Feel free to read the files to see how they work. They are a bit too long to include verbatim on this post. They simply iterate over the files and setup symlinks.

We set it up in our WORKSPACE like so:

load(":configure.bzl", "overlay_configure")

overlay_configure(
    name = "hello-world",
    overlay_path = "bazel-overlay",
    src_path = "./third_party/hello_world",
)

When you try to build the external repository @hello-world//, the repository rule will symlink all the files in the overlay_path & the src_path together.

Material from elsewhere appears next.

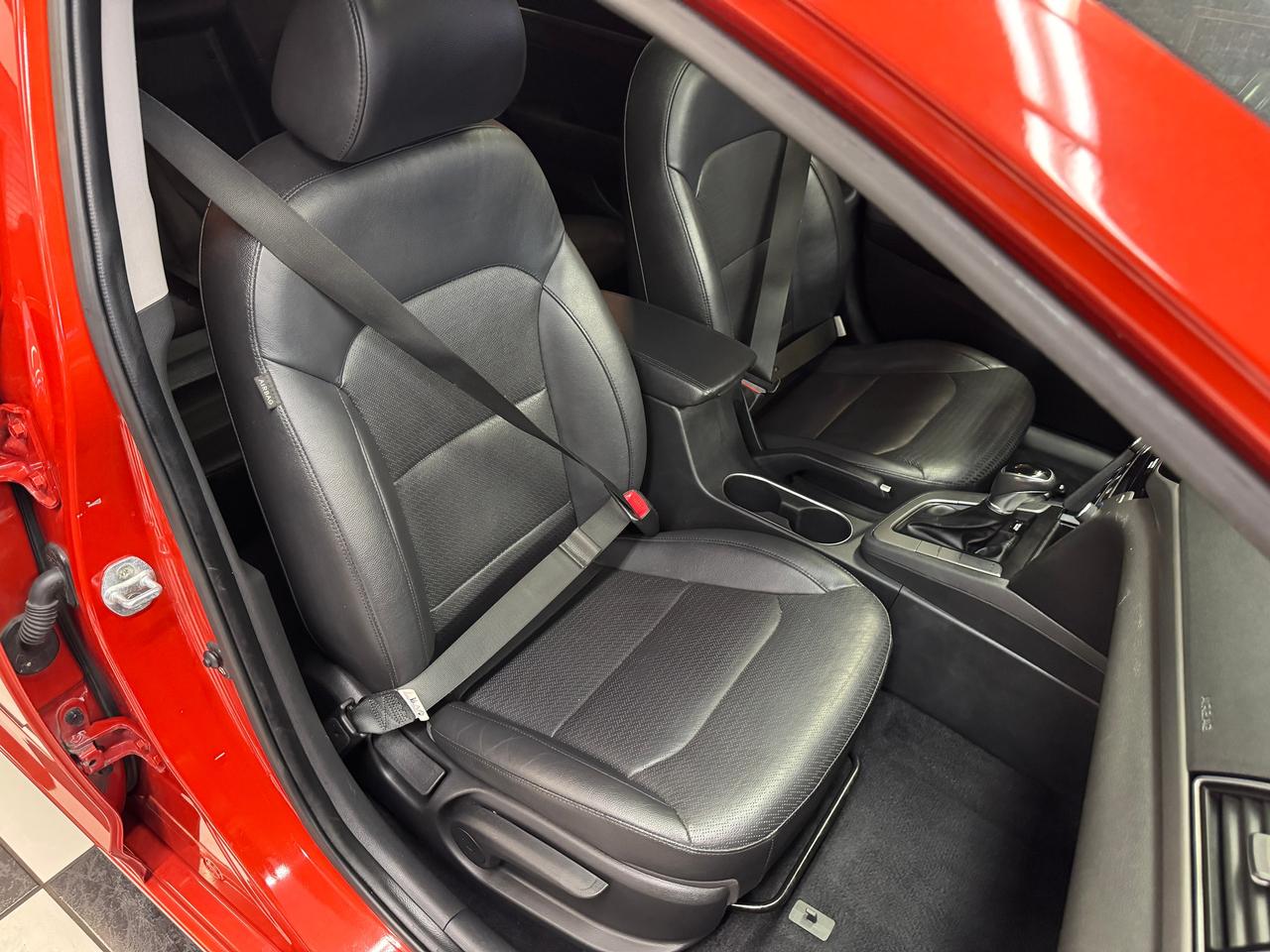 2017 Hyundai Elantra LIMITED+sunroof+GPS+ApplePlay+Heated Steering Photo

$ tree $(bazel info output_base)/external/hello-world

/home/fmzakari/.cache/bazel/_bazel_fmzakari/738ca8ce4d1d8ce828e952fe7b9fdd95/external/hello-world
├── cmd
│   ├── BUILD.bazel -> /tmp/hello_world-overlay/bazel-overlay/cmd/BUILD.bazel
│   └── hello.c -> /tmp/hello_world-overlay/third_party/hello_world/cmd/hello.c
└── WORKSPACE

It’s as if the two repositories were merged! 😎

$ bazel run @hello-world//cmd:hello
INFO: Analyzed target @hello-world//cmd:hello (24 pack ages loaded, 90 targets configured).
INFO: Found 1 target...
Target @hello-world//cmd:hello up-to-date:
  bazel-bin/external/hello-world/cmd/hello
INFO: Elapsed time: 0.068s, Critical Path: 0.00s
INFO: 1 process: 1 internal.
INFO: Build completed successfully, 1 total action
INFO: Running command line: bazel-bin/external/hello-world/cmd/hello
Hello, World!

This is a surprising powerful pattern that lets you explore adding the Bazel build system for a separate repository. The benefit to doing in a separate repository vs. a branch is that it’s easy to track HEAD. If your third_party is a git-submodule, you can keep moving the submodule forward and validating the build succeeds.

I’m moving forward with this pattern to explore upstreaming $DAYJOB$ Bazel build system to the open source repository. 🙌

❗ I recently contributed PR#22349 to Bazel which does add an overlay concept to http_archive which almost looks like it could do this as well but if you had a lot BUILD files it would be tedious to manually list them out.

http_archive(
  name="hello_world",
  strip_prefix="hello_world-0.1.2",
  urls=["https://fake.com/hello_world.zip"],
  remote_file_urls={
    "WORKSPACE": ["https://fake.com/WORKSPACE"],
    "cmd/BUILD.bazel": ["https://fake.com/cmd/BUILD.bazel"],
  },
)

For now, I’m sticking with the Bazel Overlay Pattern.